The core of the problem is that the current for
loop syntax is:
for PATTERN in EXPR {
}
and awaiting (and error handling with ?
) is something that applies only to expressions, not patterns. The only EXPR that happens to be in the for
loop is not the one we want awaiting/error handling to apply to.
So all the syntaxes struggle, because there’s literally no place for them. The only current options are to use expression-specific syntax as if it was a pattern (crates syntactical special cases), apply expression syntax to some implied/imaginary expression, or put it in a place where it looks like it applies to the wrong expression (either the stream or the for
loop as a whole).
So the solution is to put another EXPR in the for
loop synatax.
Currently Rust has two places where PATTERN and EXPR work together:
if/while let PATTERN = EXPR {}
and
match … {
PATTERN => EXPR
}
The difference is that in let
the EXPR is evaluated first, then assigned to the pattern. In match
the PATTERN is evaluated first, then used in EXPR.
(I’m using try!()
instead of any of the await
syntaxes to avoid suggesting any particular choice)

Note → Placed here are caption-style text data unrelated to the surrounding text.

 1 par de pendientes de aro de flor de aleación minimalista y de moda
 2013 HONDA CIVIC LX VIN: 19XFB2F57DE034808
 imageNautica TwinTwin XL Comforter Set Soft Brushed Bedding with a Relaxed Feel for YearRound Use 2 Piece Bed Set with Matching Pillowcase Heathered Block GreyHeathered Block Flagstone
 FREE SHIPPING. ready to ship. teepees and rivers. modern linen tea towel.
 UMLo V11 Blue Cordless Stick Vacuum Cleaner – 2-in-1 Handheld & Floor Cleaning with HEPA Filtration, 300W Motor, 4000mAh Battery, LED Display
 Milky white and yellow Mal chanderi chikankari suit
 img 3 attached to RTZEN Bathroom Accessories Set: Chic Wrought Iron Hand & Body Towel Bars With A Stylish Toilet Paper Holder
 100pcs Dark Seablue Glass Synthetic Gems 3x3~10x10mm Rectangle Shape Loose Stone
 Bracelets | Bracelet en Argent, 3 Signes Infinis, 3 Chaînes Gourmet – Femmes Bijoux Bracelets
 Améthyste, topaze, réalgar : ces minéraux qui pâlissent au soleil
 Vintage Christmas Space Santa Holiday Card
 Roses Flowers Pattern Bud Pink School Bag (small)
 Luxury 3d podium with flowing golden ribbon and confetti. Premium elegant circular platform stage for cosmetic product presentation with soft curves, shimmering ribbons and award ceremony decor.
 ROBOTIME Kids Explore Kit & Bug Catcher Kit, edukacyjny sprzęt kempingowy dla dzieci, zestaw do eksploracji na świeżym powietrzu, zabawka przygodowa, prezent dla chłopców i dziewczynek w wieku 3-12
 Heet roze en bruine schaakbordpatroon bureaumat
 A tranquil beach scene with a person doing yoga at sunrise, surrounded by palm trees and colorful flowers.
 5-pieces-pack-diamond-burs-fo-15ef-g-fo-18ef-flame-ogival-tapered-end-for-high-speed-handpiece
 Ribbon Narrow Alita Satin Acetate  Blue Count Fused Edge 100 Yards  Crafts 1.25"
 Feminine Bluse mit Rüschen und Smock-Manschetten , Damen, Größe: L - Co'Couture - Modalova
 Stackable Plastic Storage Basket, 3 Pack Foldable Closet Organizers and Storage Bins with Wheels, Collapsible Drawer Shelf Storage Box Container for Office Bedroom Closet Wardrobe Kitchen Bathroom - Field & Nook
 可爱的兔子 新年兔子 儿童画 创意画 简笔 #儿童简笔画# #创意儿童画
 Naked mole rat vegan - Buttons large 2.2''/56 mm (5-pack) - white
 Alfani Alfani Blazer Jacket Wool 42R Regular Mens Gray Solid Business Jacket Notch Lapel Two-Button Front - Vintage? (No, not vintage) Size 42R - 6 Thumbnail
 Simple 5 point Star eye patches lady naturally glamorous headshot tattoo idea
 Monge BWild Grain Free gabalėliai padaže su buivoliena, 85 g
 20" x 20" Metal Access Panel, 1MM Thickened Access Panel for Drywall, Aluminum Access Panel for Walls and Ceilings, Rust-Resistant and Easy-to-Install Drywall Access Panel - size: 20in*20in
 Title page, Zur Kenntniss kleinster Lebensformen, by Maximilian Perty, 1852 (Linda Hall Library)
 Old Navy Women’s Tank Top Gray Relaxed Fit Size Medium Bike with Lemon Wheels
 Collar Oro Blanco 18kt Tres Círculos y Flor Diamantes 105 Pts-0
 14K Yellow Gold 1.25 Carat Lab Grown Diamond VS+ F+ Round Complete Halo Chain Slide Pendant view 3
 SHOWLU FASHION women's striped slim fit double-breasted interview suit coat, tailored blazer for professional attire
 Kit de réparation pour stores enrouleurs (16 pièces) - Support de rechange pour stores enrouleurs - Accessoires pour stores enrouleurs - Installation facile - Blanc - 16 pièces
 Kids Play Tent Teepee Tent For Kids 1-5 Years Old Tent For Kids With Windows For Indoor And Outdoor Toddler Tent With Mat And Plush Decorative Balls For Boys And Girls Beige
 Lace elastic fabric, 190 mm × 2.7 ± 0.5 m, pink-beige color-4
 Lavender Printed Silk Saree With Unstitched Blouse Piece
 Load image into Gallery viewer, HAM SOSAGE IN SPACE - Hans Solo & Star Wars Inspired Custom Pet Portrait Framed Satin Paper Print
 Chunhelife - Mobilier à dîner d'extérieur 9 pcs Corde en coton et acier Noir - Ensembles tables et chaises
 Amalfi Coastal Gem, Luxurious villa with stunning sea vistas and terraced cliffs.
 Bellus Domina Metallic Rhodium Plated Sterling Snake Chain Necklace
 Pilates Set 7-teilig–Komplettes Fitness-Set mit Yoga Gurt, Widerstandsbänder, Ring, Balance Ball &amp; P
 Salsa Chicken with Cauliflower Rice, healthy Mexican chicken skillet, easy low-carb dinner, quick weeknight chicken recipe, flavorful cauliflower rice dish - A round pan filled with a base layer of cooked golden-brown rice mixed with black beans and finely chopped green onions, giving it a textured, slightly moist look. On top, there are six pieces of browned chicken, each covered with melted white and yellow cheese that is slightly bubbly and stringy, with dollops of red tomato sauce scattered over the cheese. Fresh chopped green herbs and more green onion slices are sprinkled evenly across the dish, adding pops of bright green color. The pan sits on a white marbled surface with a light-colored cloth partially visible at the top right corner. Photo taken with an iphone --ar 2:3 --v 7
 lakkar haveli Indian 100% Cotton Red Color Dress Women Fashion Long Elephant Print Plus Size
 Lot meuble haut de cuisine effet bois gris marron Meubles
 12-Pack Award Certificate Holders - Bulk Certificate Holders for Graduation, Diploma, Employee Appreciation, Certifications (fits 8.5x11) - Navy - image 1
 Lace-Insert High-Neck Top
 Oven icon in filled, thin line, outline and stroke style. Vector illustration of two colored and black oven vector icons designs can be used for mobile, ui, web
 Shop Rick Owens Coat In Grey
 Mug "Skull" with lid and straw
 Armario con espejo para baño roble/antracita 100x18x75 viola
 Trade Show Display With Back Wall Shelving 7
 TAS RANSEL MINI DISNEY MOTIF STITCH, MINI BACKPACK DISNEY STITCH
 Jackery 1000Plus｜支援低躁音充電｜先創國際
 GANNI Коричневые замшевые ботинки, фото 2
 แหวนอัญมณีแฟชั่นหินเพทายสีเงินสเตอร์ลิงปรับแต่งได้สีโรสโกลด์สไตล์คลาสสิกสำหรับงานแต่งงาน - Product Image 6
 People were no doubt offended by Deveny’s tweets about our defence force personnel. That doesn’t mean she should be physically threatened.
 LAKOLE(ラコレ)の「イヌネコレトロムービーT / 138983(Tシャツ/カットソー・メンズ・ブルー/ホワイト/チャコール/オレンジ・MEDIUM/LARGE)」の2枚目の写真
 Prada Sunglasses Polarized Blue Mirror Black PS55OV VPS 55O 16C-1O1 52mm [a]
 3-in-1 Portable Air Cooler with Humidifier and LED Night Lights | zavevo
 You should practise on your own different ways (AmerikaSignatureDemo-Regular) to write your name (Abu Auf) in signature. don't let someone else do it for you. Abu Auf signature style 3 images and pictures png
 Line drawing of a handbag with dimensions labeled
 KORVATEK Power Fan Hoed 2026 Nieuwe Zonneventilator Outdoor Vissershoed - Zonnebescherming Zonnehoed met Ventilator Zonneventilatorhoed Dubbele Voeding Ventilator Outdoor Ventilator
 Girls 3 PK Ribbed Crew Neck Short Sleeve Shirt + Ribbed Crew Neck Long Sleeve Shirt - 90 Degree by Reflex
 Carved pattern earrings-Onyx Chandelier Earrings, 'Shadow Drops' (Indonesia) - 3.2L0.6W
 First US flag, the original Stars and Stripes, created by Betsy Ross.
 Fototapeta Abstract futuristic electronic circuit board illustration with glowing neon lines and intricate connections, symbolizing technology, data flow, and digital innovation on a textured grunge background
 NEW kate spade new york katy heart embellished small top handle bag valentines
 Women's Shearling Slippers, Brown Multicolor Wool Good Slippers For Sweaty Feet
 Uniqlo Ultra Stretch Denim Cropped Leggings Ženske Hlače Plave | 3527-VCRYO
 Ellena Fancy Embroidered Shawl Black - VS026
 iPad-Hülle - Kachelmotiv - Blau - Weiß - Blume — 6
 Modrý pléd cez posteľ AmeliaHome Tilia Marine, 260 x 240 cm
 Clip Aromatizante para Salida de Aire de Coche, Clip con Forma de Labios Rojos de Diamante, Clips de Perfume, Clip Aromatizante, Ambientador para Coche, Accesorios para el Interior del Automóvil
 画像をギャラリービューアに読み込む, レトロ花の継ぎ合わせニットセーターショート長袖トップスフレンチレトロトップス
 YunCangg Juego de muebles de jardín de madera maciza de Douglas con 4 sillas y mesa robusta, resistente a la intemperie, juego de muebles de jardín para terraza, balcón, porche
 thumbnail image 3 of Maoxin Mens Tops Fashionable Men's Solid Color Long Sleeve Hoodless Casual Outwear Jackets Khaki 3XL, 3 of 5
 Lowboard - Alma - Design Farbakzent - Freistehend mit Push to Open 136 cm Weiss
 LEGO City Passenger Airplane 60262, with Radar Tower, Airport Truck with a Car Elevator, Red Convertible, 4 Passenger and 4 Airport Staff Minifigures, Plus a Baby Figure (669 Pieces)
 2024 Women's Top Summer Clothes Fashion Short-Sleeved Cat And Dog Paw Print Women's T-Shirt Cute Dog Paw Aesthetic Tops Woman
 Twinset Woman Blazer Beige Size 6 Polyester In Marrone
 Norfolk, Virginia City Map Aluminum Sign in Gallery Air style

for let x = try!(/*how do you refer to an element here???*/) in stream {}
for x => try!(x) in stream {
/* how to refer to the result of try!(x)??? */
}
but both are still missing having a second pattern or some other way to refer to the missing element.
However, maybe that’s still a step forward, because presence of the second EXPR makes the for
loop syntax orthogonal with other features. It’s automatically compatible with any await syntax, any error handling syntax, user macros, etc.